Because then less people would buy it.

maflynn
Jan 6, 2013, 07:54 AM
That the RAM is soldered and you can't upgrade the machine post-purchase?

Why don't they also mention the MBA (and rMBP) uses proprietary SSDs? Most consumers who buy these things generally don't upgrade the ram after the affect. It impacts them very little and why state something that could be viewed negatively. That is they want to sell laptops and pointing out some negative things won't help them in that endeavor.

nissan.gtp
Jan 6, 2013, 07:55 AM
That the RAM is soldered and you can't upgrade the machine post-purchase?
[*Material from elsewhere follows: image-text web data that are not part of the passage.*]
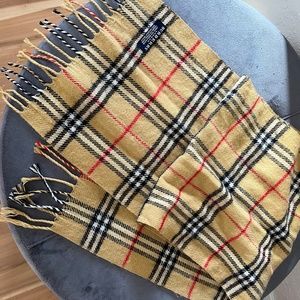 Burberry cashmere scarf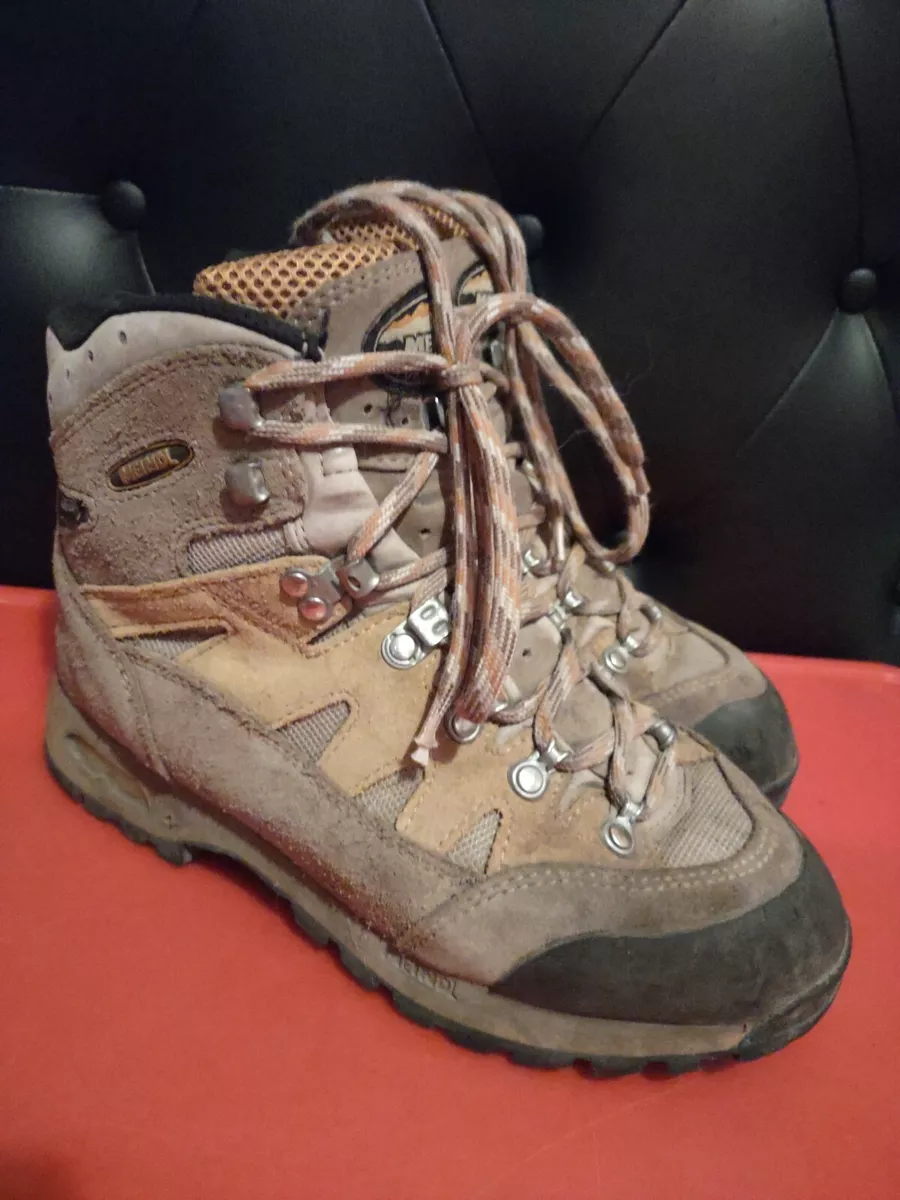Womens leather hiking store boots waterproof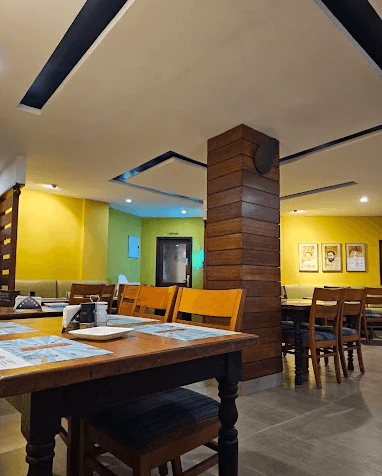 calicut paragon restaurant inside view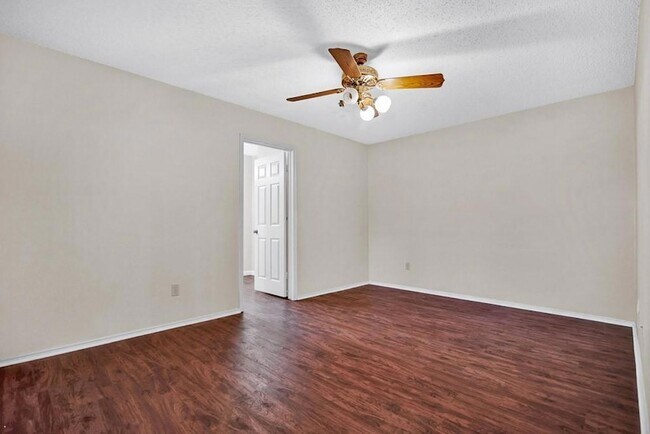 Building Photo - 1101 Cresswell Dr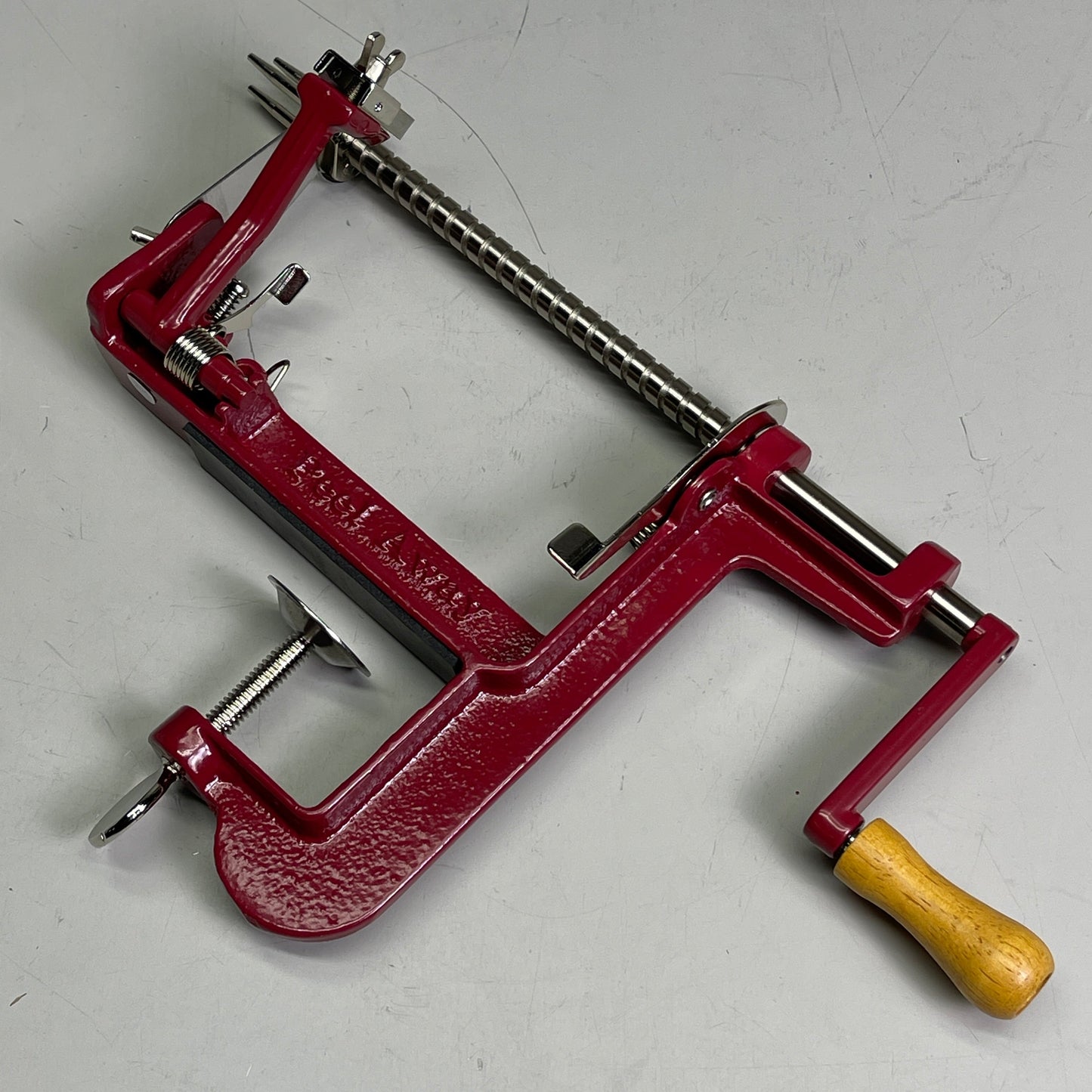 ZA@ AMCO Cast Iron Clamp Apple Peeler Corer Slicer Potatoes Red A501 628401 H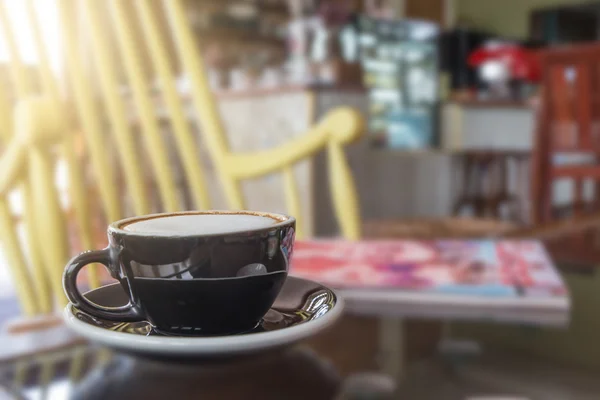 Taza de café en tabl — Foto de Stock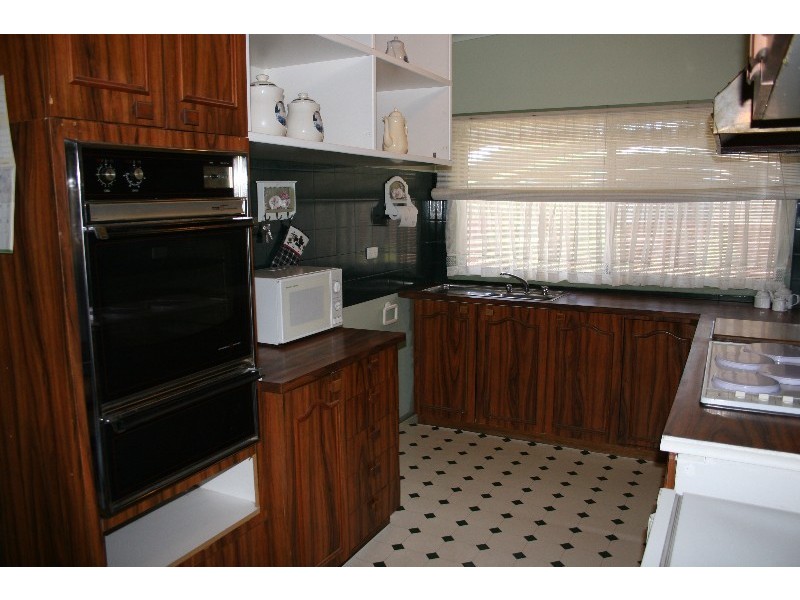 70 Hervey Street, Elmore VIC 3558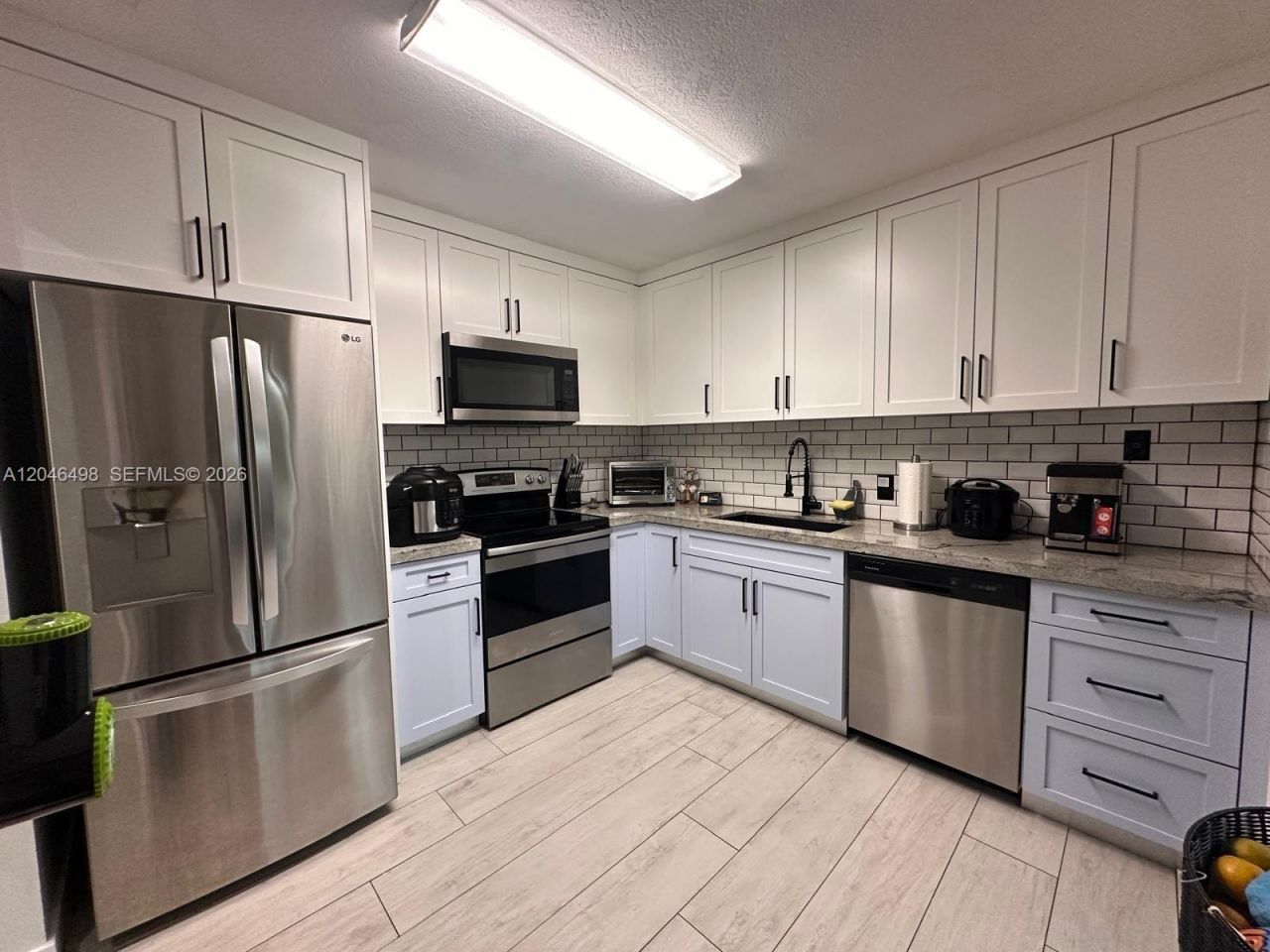 6633 NW 178th Ter, Hialeah, FL 33015 Photo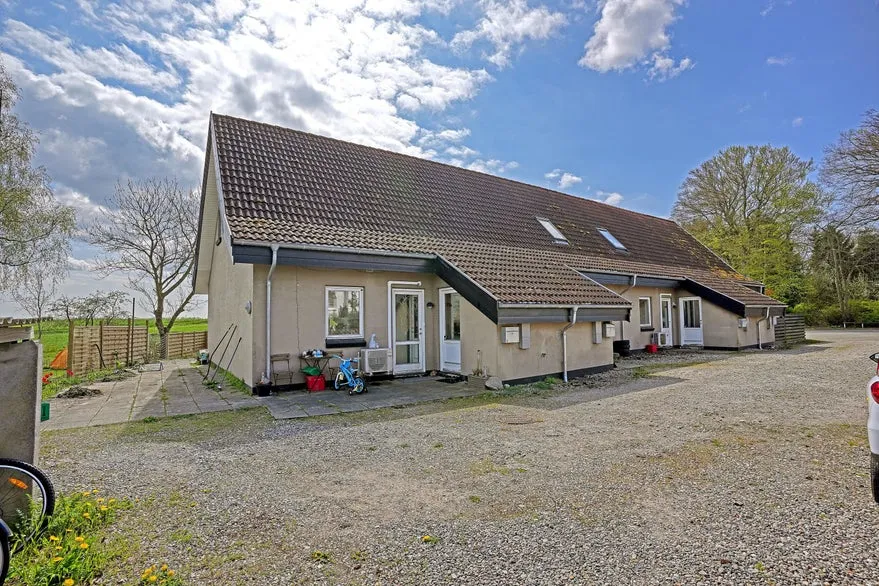 Välivaade - Investment Property with 4 Units in Solbjerg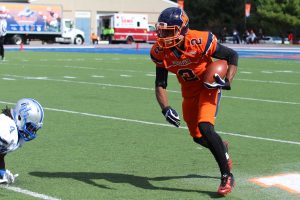 Junior receiver Ricky Fisk running the ball during the Bears' 20-10 loss to Hampton. Photo by Benjamin McKnight III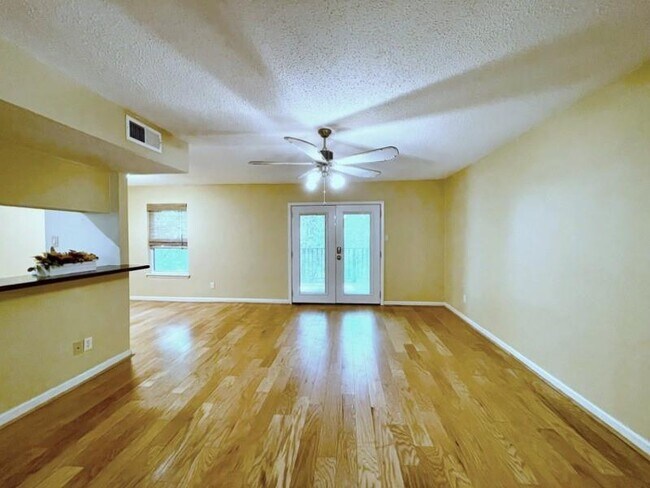 Foto del edificio - 8283 Kingsbrook Rd
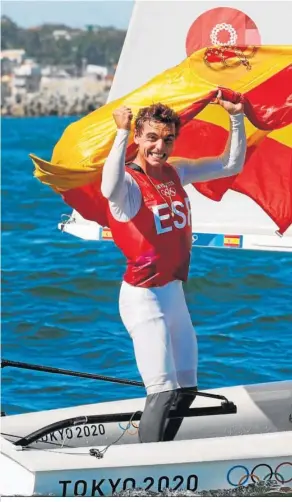  ??  ?? El 470 español, con Jordi Xammar y Nicolás Rodríguez, tras lograr su bronce.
It's not prominent, but they do say this:

Every MacBook Air comes with 4GB of memory built into the system. If you feel you may need 8GB in the future, it is important to upgrade at the time of purchase, as RAM is not upgradeable in this model.

Abazigal
Jan 6, 2013, 07:58 AM
Because then less people would buy it.

Methinks this might actually encourage more people to opt for the ram upgrade. :p

Johnny Alien
Jan 6, 2013, 08:07 AM
Methinks this might actually encourage more people to opt for the ram upgrade. :p

It would have little impact either way because (as maflynn,Demi-God pointed out) the average consumer (ie the literal bulk of Apple buyers) don't ever buy a computer assuming they will upgrade the ram by themselves. Every purchase they make is on the assumption that the ram they get will be the ram they live with for the lifespan of the computer.

James Craner
Jan 6, 2013, 09:14 AM
I have bought around 8 different Macs in the last 11 years, and I have never upgraded the RAM after the initial purchase, sometimes I have bought 3rd Party RAM at the time of purchase, but generally by the time I needed to upgrade the RAM I would replace the entire machine. My last Desktop was a Mac Pro that I bought in 2006 and still has 4GB of Ram that I purchased when I first got the machine. Still runs today as well as it did when I first bought it.

bobr1952
Jan 6, 2013, 09:21 AM
I have bought around 8 different Macs in the last 11 years, and I have never upgraded the RAM after the initial purchase, sometimes I have bought 3rd Party RAM at the time of purchase, but generally by the time I needed to upgrade the RAM I would replace the entire machine. My last Desktop was a Mac Pro that I bought in 2006 and still has 4GB of Ram that I purchased when I first got the machine. Still runs today as well as it did when I first bought it.

That's me too. I am certainly capable and have done so in the past with PCs but I am perfectly content with the configuration when I buy and really have no plans to change anything on my 2008 iMac--still running with 2GB of RAM--and I am happy with the base configuration of my rMBP. I have to agree with many that most Apple customers--excepting many on this forum--don't care about upgrading so it is just not worthy of headline news on the specs page.

Paulywauly
Jan 6, 2013, 09:31 AM
We might not like having soldered RAM, but to be quite frank we are in a minority. 90% of folk dont care or even realise it was ever an option.

Mrbobb
Jan 6, 2013, 09:33 AM
That the RAM is soldered and you can't upgrade the machine post-purchase?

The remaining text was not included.